▸ **DATA SHOWN**:
************

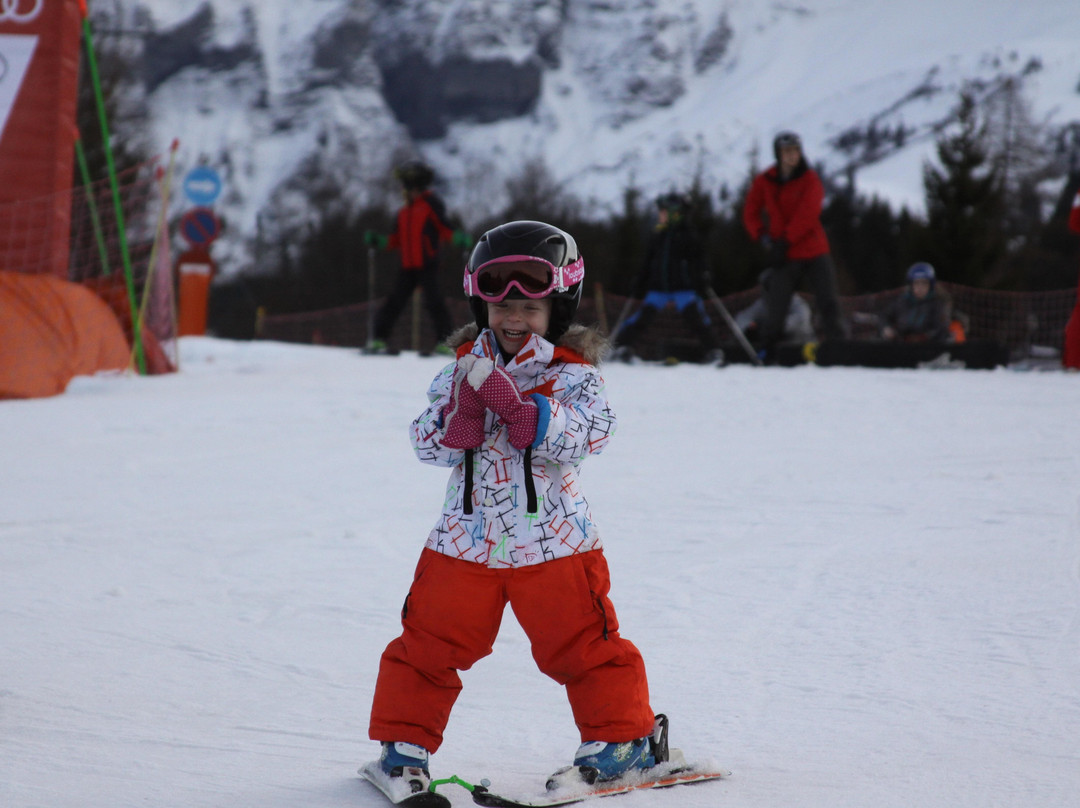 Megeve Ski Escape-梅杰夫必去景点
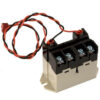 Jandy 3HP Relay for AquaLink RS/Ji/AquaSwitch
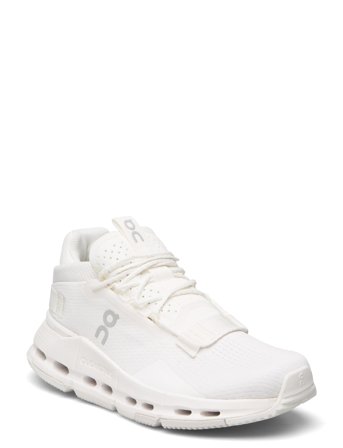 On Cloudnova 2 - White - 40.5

************

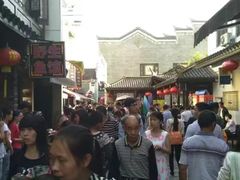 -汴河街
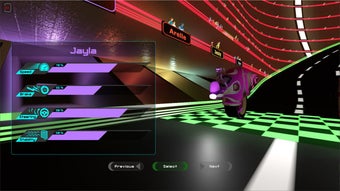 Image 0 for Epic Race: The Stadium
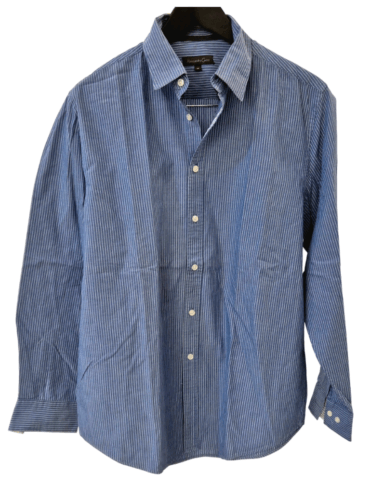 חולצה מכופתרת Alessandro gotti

************

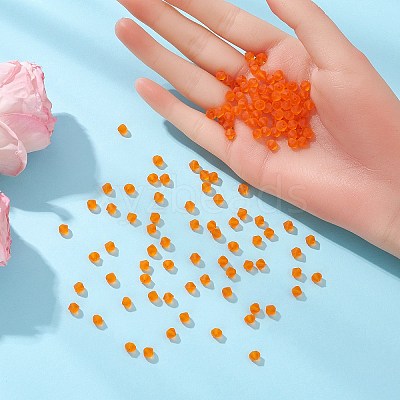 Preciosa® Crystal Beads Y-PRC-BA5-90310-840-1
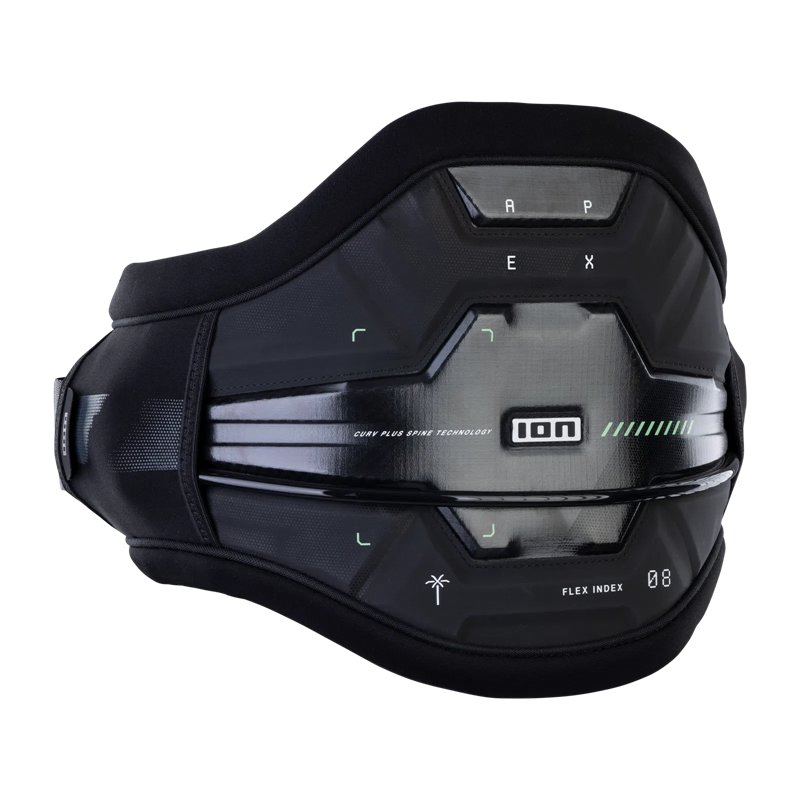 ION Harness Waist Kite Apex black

************

▸ **WORK TO BE COMPLETED**: What is wanted is an exact copy of the lines above from the one containing "Megeve Ski Escape-梅杰夫必去景点" through the one containing "On Cloudnova 2 - White - 40.5", with no pictures in it.

▸ **SOLUTION FOR THIS TASK**:
 Megeve Ski Escape-梅杰夫必去景点
 Jandy 3HP Relay for AquaLink RS/Ji/AquaSwitch
 On Cloudnova 2 - White - 40.5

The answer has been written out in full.